> [What is expected]:
Please copy the records below word for word, leaving out the pictures.

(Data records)
____
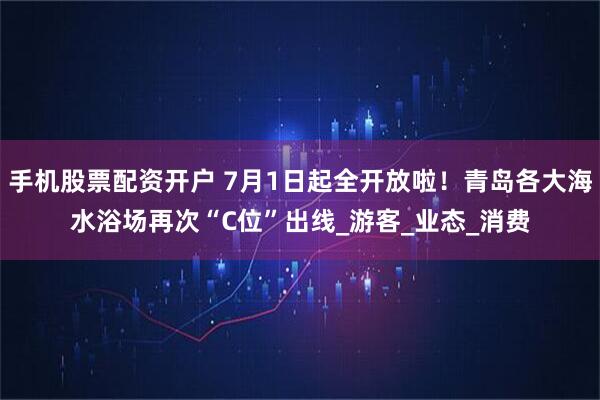 手机股票配资开户 7月1日起全开放啦！青岛各大海水浴场再次“C位”出线_游客_业态_消费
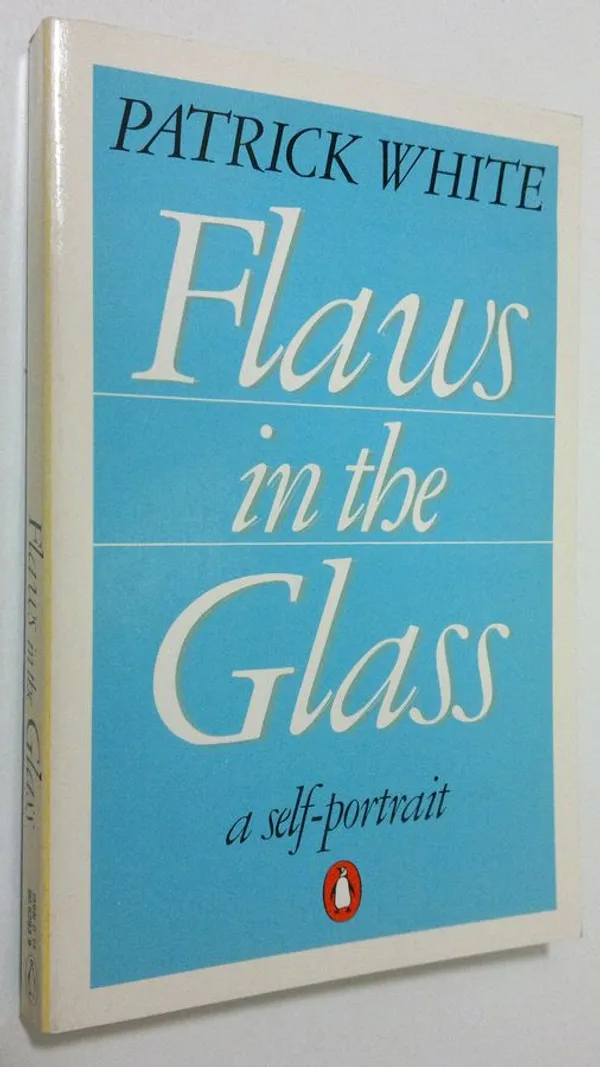 Flaws in the Glass : a self-portrait - White, Patrick | Finlandia Kirja | Osta Antikvaarista - Kirjakauppa verkossa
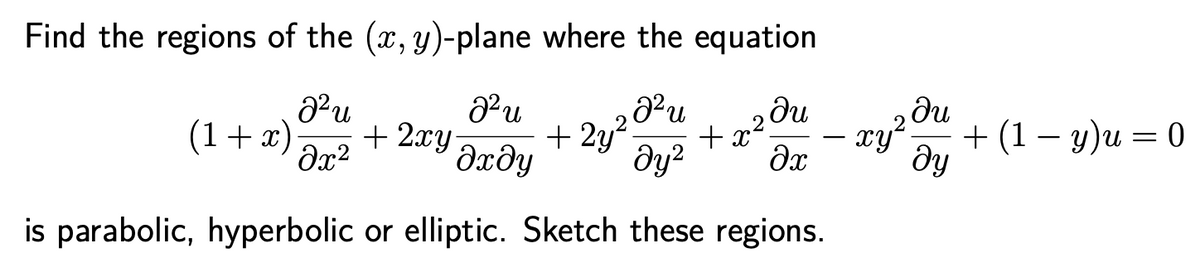 Find the regions of the (x, y)-plane where the equation
ди
xy² + (1 – y)u = 0
dy
.2
(1+x)
+ 2xy-
+ 2y?
+ x
Əxðy
dy?
is parabolic, hyperbolic or elliptic. Sketch these regions.
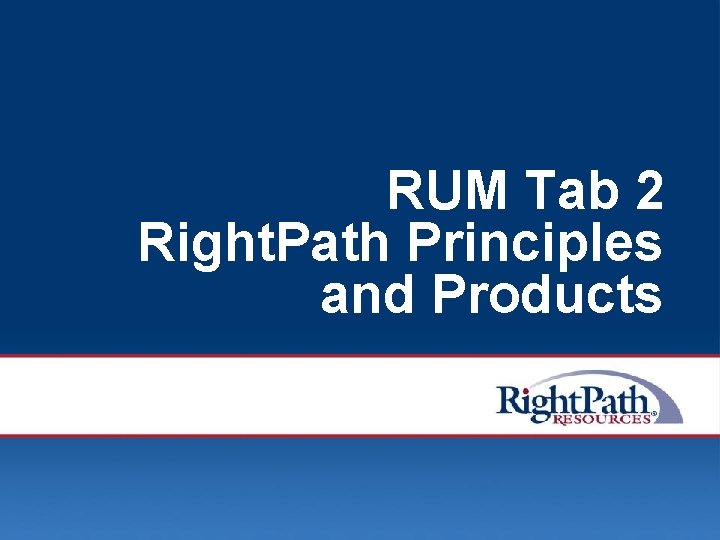RUM Tab 2 Right. Path Principles and Products © 2008 Right. Path Resources, Inc.
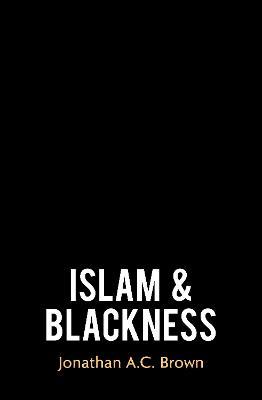 Islam and Blackness - Jonathan A. C. Brown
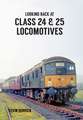 Looking Back At Class 24 & 25 Locomotives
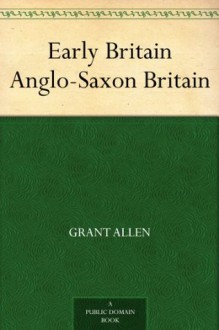 Early Britain: Anglo-Saxon Britain (1884) - Grant Allen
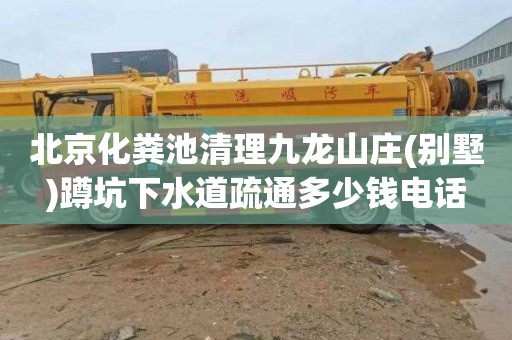 北京化粪池清理九龙山庄(别墅)蹲坑下水道疏通多少钱电话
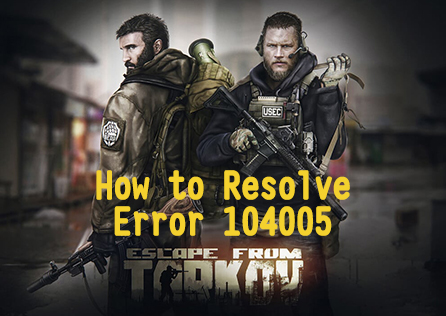 How to Resolve Escape From Tarkov Error 104005?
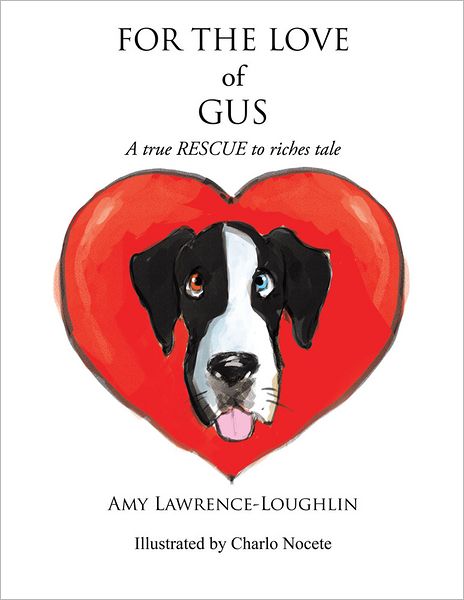 For the Love of Gus: A true RESCUE to riches tale
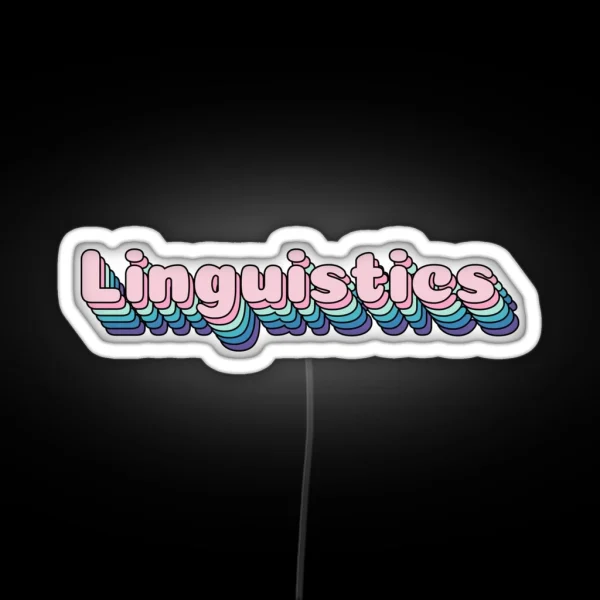 Linguistics RGB Neon Sign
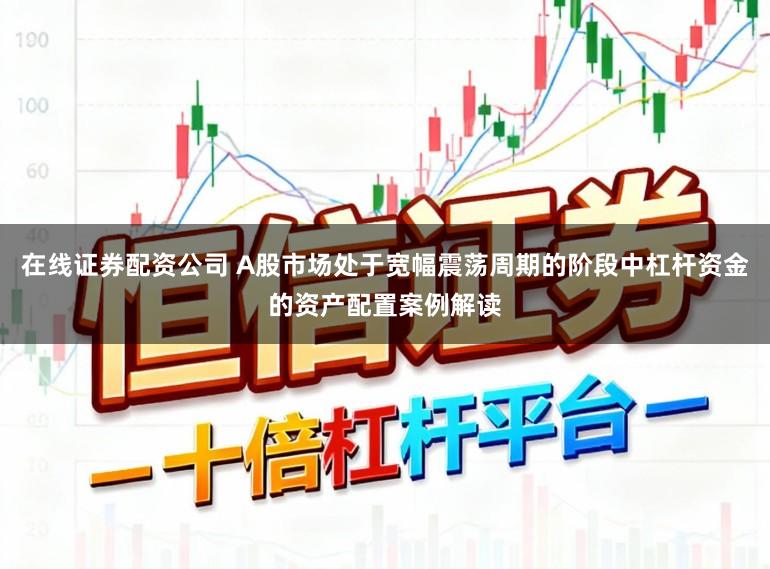 在线证券配资公司 A股市场处于宽幅震荡周期的阶段中杠杆资金的资产配置案例解读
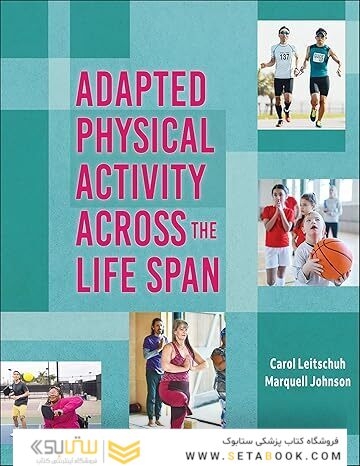Adapted Physical Activity Across the Life Span First Edition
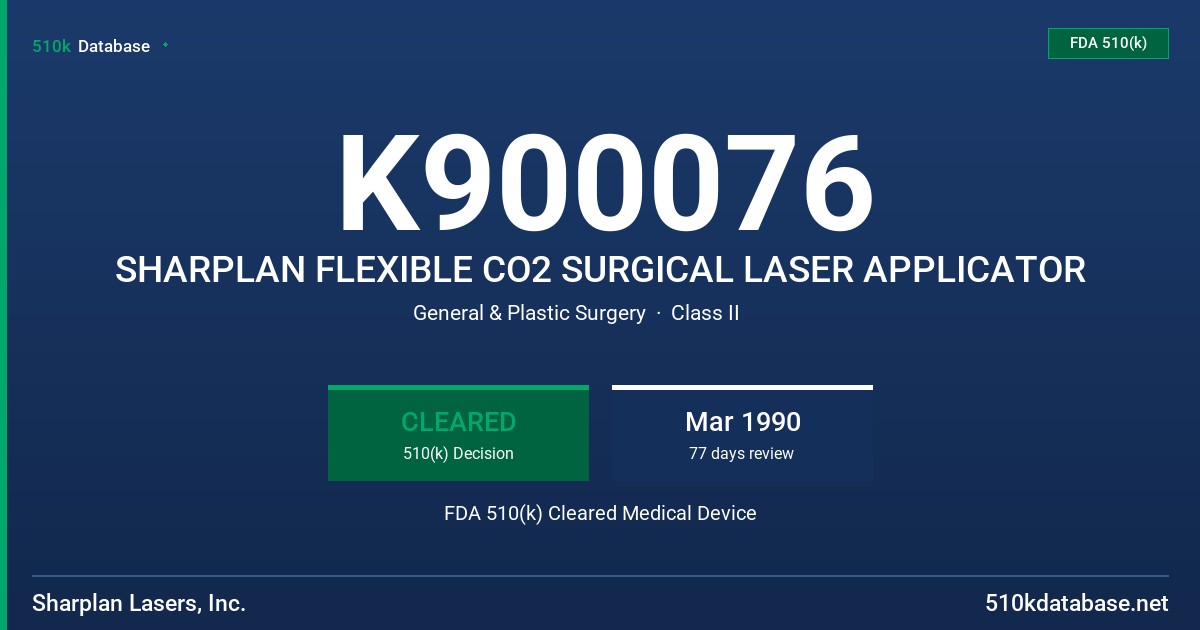 K900076 SHARPLAN FLEXIBLE CO2 SURGICAL LASER APPLICATOR FDA 510(k) Cleared Medical Device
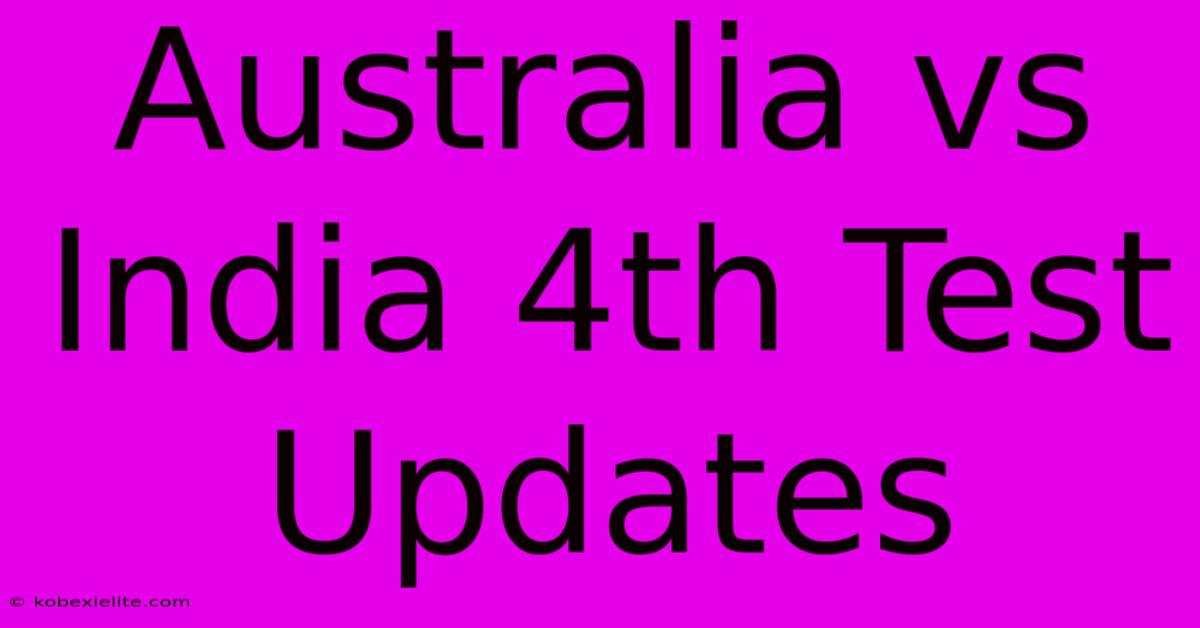 Australia Vs India 4th Test Updates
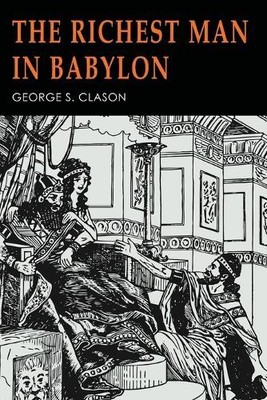 George S Clason The Richest Man in Babylon (Paperback) (UK IMPORT)
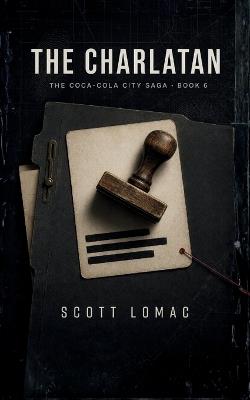 The Charlatan - Scott Lomac - cover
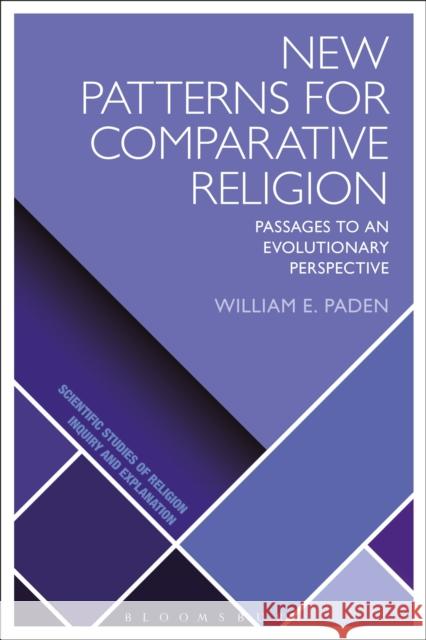New Patterns for Comparative Religion: Passages to an Evolutionary Perspective William E. Paden Donald Wiebe Luther H. Martin 9781474252102 Bloomsbury Academic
____
> [Completed task]:
 手机股票配资开户 7月1日起全开放啦！青岛各大海水浴场再次“C位”出线_游客_业态_消费
 Flaws in the Glass : a self-portrait - White, Patrick | Finlandia Kirja | Osta Antikvaarista - Kirjakauppa verkossa
 Find the regions of the (x, y)-plane where the equation
ди
xy² + (1 – y)u = 0
dy
.2
(1+x)
+ 2xy-
+ 2y?
+ x
Əxðy
dy?
is parabolic, hyperbolic or elliptic. Sketch these regions.
RUM Tab 2 Right. Path Principles and Products © 2008 Right. Path Resources, Inc.
 Islam and Blackness - Jonathan A. C. Brown
 Looking Back At Class 24 & 25 Locomotives
 Early Britain: Anglo-Saxon Britain (1884) - Grant Allen
 北京化粪池清理九龙山庄(别墅)蹲坑下水道疏通多少钱电话
 How to Resolve Escape From Tarkov Error 104005?
 For the Love of Gus: A true RESCUE to riches tale
 Linguistics RGB Neon Sign
 在线证券配资公司 A股市场处于宽幅震荡周期的阶段中杠杆资金的资产配置案例解读
Adapted Physical Activity Across the Life Span First Edition
 K900076 SHARPLAN FLEXIBLE CO2 SURGICAL LASER APPLICATOR FDA 510(k) Cleared Medical Device
 Australia Vs India 4th Test Updates
 George S Clason The Richest Man in Babylon (Paperback) (UK IMPORT)
 The Charlatan - Scott Lomac - cover
New Patterns for Comparative Religion: Passages to an Evolutionary Perspective William E. Paden Donald Wiebe Luther H. Martin 9781474252102 Bloomsbury Academic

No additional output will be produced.